Son of Thutmes II and a minor wife named Isis, Thutmes III became king while still a child. His stepmother and aunt, Hatshepsut, served as regent until she usurped the title of king two years later. It is unclear if this was a palace coup or simply an attempt to maintain a strong royal authority. But Thutmes III returned to power with the death of Hatshepsut in regnal year 22, and almost immediately began a systematic obliteration of her images and references to her on Egyptian monuments.

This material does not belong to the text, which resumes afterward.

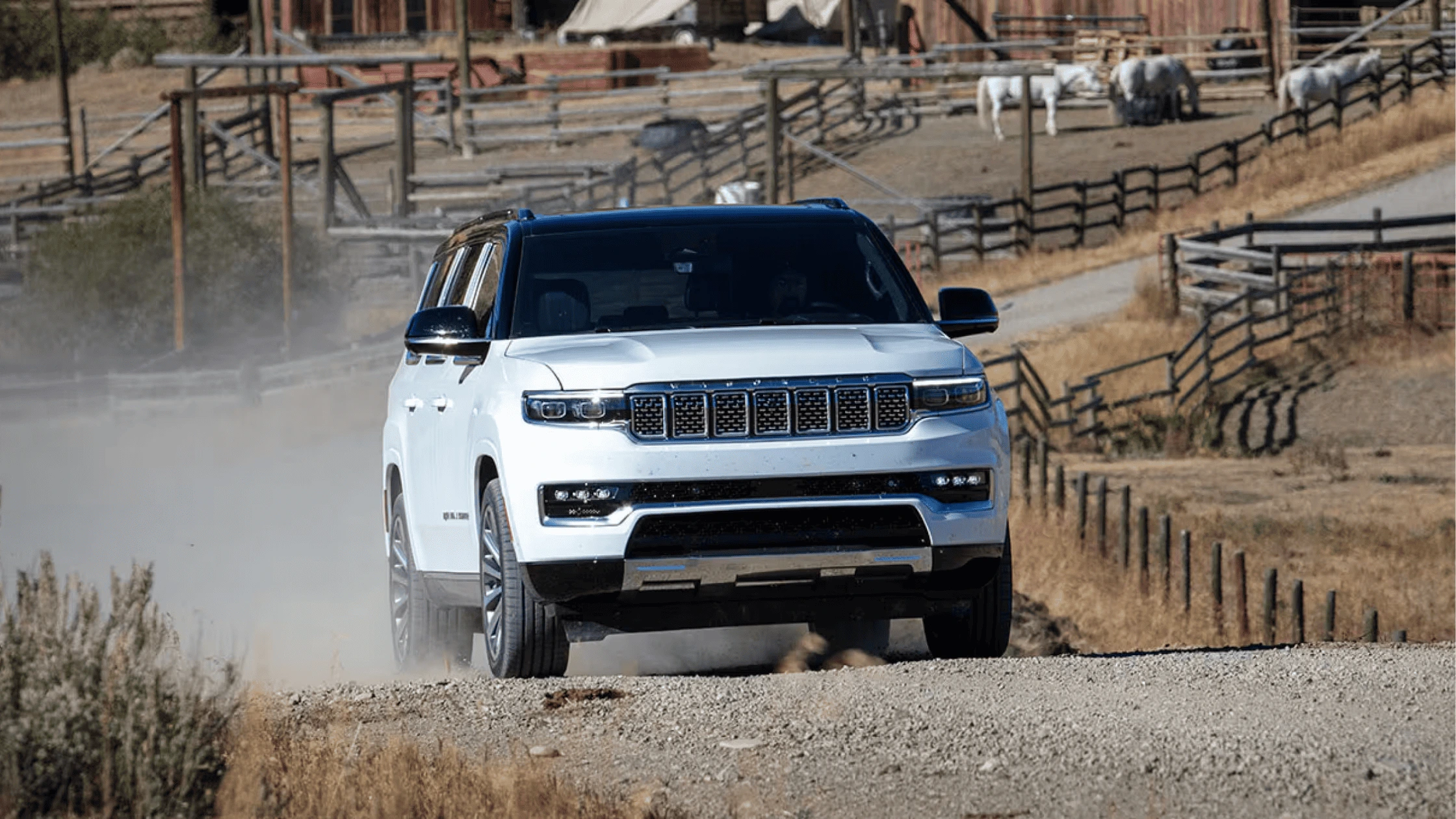 The 2025 Jeep Grand Wagoneer driving on a rugged dirt road, showcasing its off-road capability, luxury SUV design, and iconic seven-slot grille.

After establishing his sole rule, Thutmes III also began a series of military campaigns in western Asia and deep into Nubia, which were badly needed to maintain Egypt’s authority abroad. A substantial number of texts inscribed in temples throughout Egypt described his military activities. There was extensive building activity in Thutmes III’s reign and he erected scores of temples throughout Egypt and Nubia. At Thebes, he made extensive additions to the Temple of Amen at Karnak, built a superbly decorated processional temple at Dayr al Bahri, and enlarged the Amen temple at Madinat Habu.
His own tomb was dug in the Valley of the Kings (KV 34). He also ordered a tomb for his chief wife Hatshepsut-Meryet-Ra (KV 42) and commissioned a new sarcophagus in KV 38 for the reburial of his grandfather, Thutmes I. Officials at the court of Thutmes III were buried in Theban tombs that displayed some of the New Kingdom’s finest and most informative scenes. The tomb of his vizier Rekhmira (TT 100), for example, has elegant scenes of daily life, craftsmen, and banquets, and lengthy texts that describe the duties of the vizier. The reign of Thutmes III is considered one of ancient Egypt’s most active and successful and he became the subject of a long-lived religious cult in the New Kingdom.